There are a large number of services that will process online payments for you. The most well know brand is Paypal. In its infancy there were a lot of companies unwilling to use Paypal but this has changed as the years have progressed. The good thing for individuals and businesses is that once the account is set up, it's very easy to create buttons and shopping carts to let the public buy your goods and services.
Larger businesses with establised merchant accounts may be interested to find what their banks offer for processing online payments. The alternative may be to use something like Worldpay, but there are a few hoops to jump before you can go live. Also to keep in mind is that it may take another 30 days for you to get your transaction money (minus processing fees) into your account.
All the processing services make their money from charging a percentage of the transaction so make sure you take time to research each company, |try and work out what it will cost you to run the service over a month, quarter or year. It's something that's overlooked and you can easily find |that your profit margins are reduced once the fees are taken into account.
With the rise in mobile devices being used, it's also worth noting that there are now applications to take payments on the move. These sorts of utilities are especially handy if you are not tied to a computer.

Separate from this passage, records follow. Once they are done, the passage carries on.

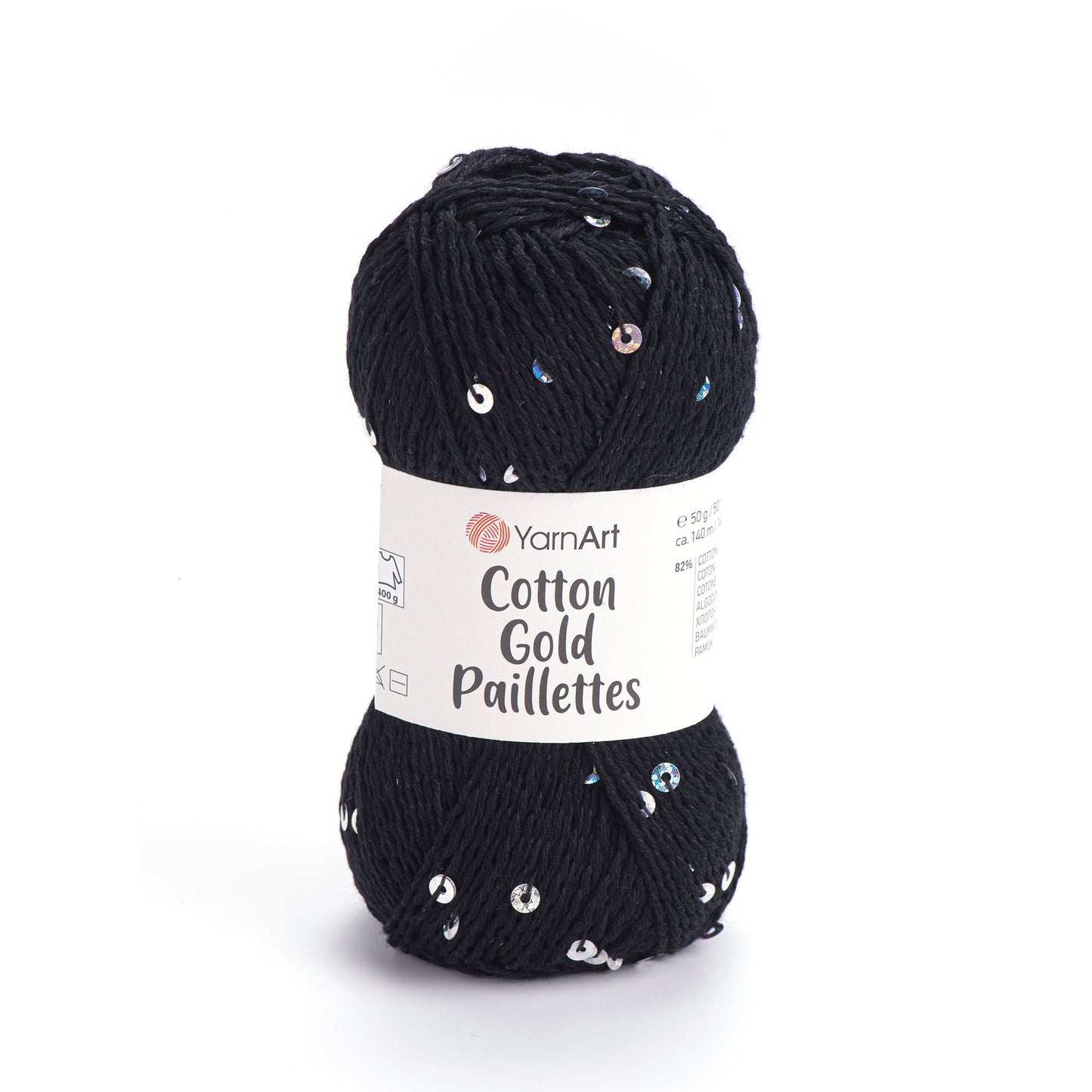 Attēls ar Dzija YarnArt Cotton Gold Paillettes ar fliteriem - 50g / 140m – pieejams Šarlotes audumi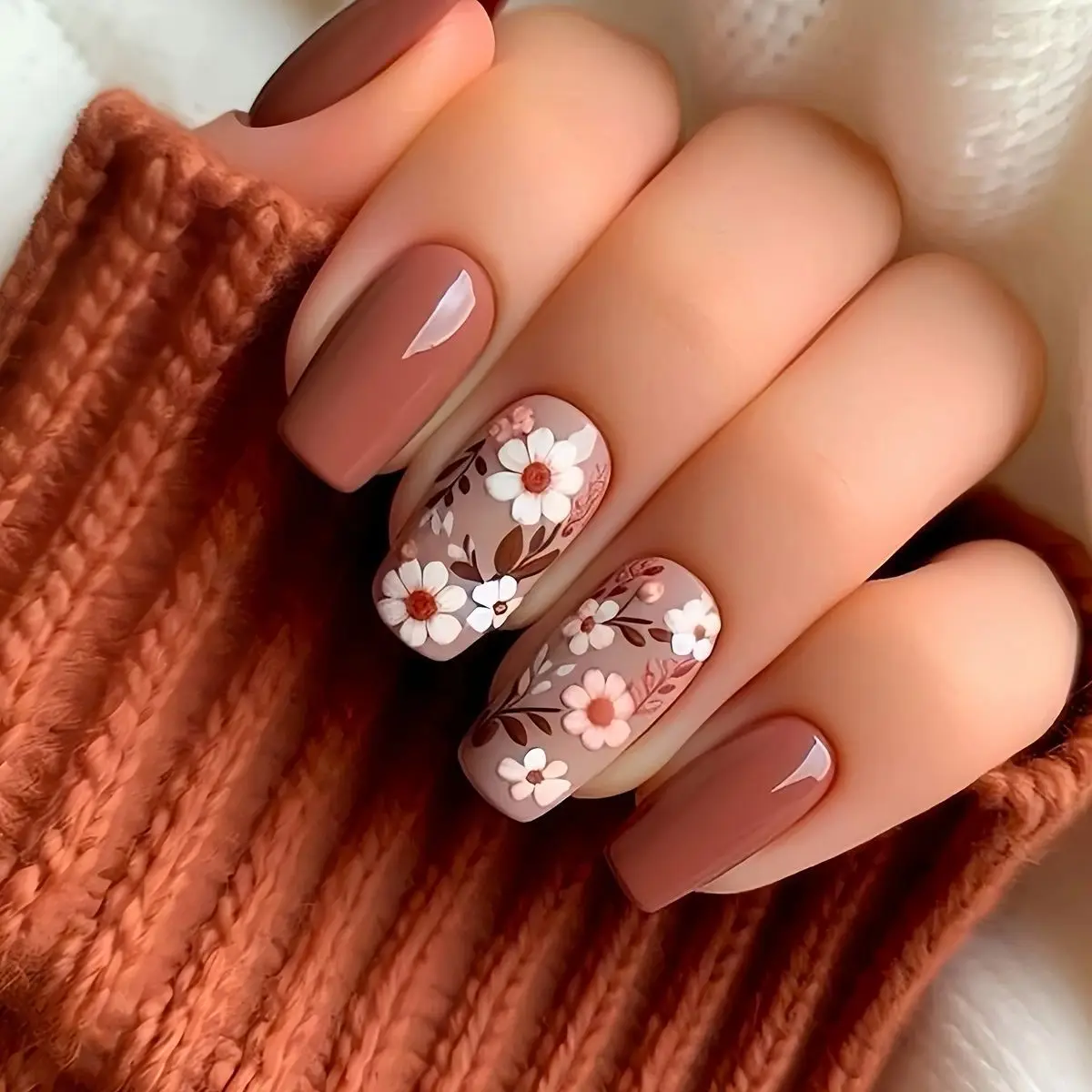 Sunshine Pure Color Square Fake Nails Floral Simple Versatile Wearable Nail Tips for Easy Application And Long-lasting Wear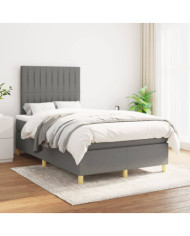 Sommier à lattes de lit avec matelas Gris foncé 120x200cm Tissu | Mobilier & Déco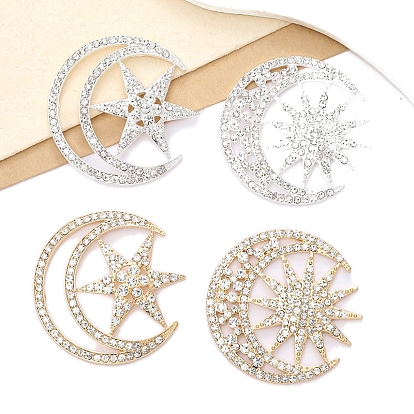 Подвески из сплава и страза, луна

The big news a few months ago was that a company called Square, ( http://www.squareup.com ), had released a payment processing application for the iPhone.
It came with an attachment that plugged into the microphone socket of the phone and you could physically swipe the credit card into the iPhone. Then it was just a case of |typing in the details of the transaction and then it was processed.

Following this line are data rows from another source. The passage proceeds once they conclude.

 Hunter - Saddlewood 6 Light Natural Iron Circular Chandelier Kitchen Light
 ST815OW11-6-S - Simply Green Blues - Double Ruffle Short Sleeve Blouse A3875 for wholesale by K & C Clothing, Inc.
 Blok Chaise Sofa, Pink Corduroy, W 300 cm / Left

The first version gained a lot of coverage in the technical press. Though it also raised an awful lot of questions in terms of the security considerations. There was no real user verification and the application was wide open, you didn't need a merchant account either.
Since then, the design has changed so you have to confirm the card holder against a picture of them. Still not perfect, but it's incredibly early days for this sort of system and worth keeping an eye on for the future.
It's also worth noting that Paypal has an application for mobile devices which lets you process payments on the phone. The advantage with this is that the consumer's Paypal account is already verified at this stage.
Generating cashflow for any business is important right now in these recessionary times. If you can offer a service that transfers online then seriously think about the payment gateways you could implement.
If you're out in the field then investigate them, it would be prudent to look at the mobile options and see what fits with your business.